「会社経営で一番苦労するのはどういったことですか?」
という質問を何回かされたことがあります。
ごめんなさい。それ、愚問です。
答えはひとつしかありません。
「資金繰り」です。
この国の小さなオーナー企業の経営者であれば、ほぼ全員がそう答えることでしょう。
「資金繰りの苦労は、やった者にしかわからない」と、多くの社長さんが言います。
その通りです。私もやってみて本当にびっくりしました。
特にIT企業の場合、「得意客が何年もの間、毎月継続的に購入してくれる」という商売形態ではないことが多いため、「事業の安定」がなんとも見えにくいという特徴があります。
それでも事務所経費や外注費用、従業員給与は毎月同じ日に必ず払わなければなりません。
ずっと不安なのですよ。「仕事が急になくなる」こととか、「大きな金額の請負契約が遅延する、最悪破綻する」ということが。
もちろんそのために金融機関との取引(借入)は行います。
しかしそれには「企業としての信用」が絶対に必要です。そしてこの国では「信用」の根幹は「長く続けていること」なのです。
つまり、起業から最初の数年間くらいが「信用」も低く、売上も平均化していない試練の時期ということになります。
当社の場合、その時期があのリーマンショックと重なりました。(最悪でしょ?)
いやあ大変でしたよ。
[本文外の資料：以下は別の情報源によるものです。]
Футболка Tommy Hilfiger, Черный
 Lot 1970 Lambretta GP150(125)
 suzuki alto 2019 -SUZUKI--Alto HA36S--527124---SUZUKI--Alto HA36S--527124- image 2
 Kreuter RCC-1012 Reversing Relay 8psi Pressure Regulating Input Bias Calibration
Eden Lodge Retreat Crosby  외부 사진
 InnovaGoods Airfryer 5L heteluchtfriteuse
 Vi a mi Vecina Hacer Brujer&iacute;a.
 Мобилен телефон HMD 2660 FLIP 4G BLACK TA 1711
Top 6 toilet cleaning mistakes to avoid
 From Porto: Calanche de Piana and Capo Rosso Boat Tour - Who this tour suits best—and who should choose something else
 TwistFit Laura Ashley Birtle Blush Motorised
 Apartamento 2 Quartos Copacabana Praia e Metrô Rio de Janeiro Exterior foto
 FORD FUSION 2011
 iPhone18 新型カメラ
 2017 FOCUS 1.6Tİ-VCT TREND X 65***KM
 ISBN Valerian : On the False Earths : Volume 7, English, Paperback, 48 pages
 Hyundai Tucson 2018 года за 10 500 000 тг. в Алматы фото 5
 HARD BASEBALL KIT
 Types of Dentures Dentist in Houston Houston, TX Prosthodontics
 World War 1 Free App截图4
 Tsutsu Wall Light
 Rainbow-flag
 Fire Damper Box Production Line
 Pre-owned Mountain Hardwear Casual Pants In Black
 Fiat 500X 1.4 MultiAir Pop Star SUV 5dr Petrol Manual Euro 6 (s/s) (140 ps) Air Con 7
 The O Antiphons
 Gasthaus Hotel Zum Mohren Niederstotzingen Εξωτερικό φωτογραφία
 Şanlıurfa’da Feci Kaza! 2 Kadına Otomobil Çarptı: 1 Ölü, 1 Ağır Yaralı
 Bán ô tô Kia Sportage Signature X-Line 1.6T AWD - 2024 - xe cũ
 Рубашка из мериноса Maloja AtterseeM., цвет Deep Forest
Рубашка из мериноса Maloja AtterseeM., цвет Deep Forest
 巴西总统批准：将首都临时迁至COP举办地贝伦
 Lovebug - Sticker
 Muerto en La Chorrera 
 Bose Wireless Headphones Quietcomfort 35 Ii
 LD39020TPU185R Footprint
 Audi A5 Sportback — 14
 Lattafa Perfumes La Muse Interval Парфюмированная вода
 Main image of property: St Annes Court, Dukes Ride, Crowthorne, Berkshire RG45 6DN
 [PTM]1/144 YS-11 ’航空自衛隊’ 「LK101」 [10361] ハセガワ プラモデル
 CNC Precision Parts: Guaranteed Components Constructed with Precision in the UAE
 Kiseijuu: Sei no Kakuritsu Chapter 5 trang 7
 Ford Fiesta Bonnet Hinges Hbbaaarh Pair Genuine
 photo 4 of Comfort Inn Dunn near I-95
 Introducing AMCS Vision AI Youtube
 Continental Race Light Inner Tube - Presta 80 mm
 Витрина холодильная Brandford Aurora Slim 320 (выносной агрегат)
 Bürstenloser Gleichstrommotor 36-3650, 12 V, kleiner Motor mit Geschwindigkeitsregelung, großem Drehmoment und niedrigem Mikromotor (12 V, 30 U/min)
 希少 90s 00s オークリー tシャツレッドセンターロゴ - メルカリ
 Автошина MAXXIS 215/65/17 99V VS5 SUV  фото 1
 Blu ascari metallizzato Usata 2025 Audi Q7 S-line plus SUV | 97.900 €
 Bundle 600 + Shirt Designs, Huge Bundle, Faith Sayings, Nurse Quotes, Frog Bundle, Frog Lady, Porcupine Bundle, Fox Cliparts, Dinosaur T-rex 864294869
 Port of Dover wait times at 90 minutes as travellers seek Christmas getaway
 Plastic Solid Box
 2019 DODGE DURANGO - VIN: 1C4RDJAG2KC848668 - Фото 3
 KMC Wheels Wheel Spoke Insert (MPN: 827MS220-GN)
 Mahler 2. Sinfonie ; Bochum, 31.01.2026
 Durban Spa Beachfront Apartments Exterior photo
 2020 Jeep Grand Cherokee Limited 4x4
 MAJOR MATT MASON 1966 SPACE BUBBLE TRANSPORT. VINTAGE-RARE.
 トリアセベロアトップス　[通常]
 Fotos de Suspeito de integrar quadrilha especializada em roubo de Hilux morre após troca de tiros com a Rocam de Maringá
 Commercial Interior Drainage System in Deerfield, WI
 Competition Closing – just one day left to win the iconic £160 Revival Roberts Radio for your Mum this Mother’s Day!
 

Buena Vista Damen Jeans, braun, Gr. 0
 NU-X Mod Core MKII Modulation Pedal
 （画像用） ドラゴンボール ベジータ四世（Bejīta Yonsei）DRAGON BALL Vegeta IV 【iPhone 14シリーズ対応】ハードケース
毎月「ああ、今月も何とか乗り切った…」の繰り返し。
家計からの持ち出しだって当然のようにやります。
まあ、それで何とかなる程度の事業規模の内に資金繰りの苦労というか、コツのをつかめたのでいい経験にはなりましたが。
最近になってようやく、長年契約頂いている多くの得意先からの平均化された売上がかなり先まで見通せるようになり、長く続けてきたことによる金融機関からの「信用」も安心できるレベルになったため、そこまで資金繰りに苦労しなくても済むようになりました。
だから、ですね。
小さなオーナー企業にお勤めの皆さん。
社長が会社名義の高級車を乗り回していたり(これ、実は有効な節税対策です)、毎日のように会社の金で飲み歩いたりしても(これも節税効果のある営業行為です。ほ、本当ですって!)、あまり目くじら立てないでください。
それ、会社の状況が悪くないということですから。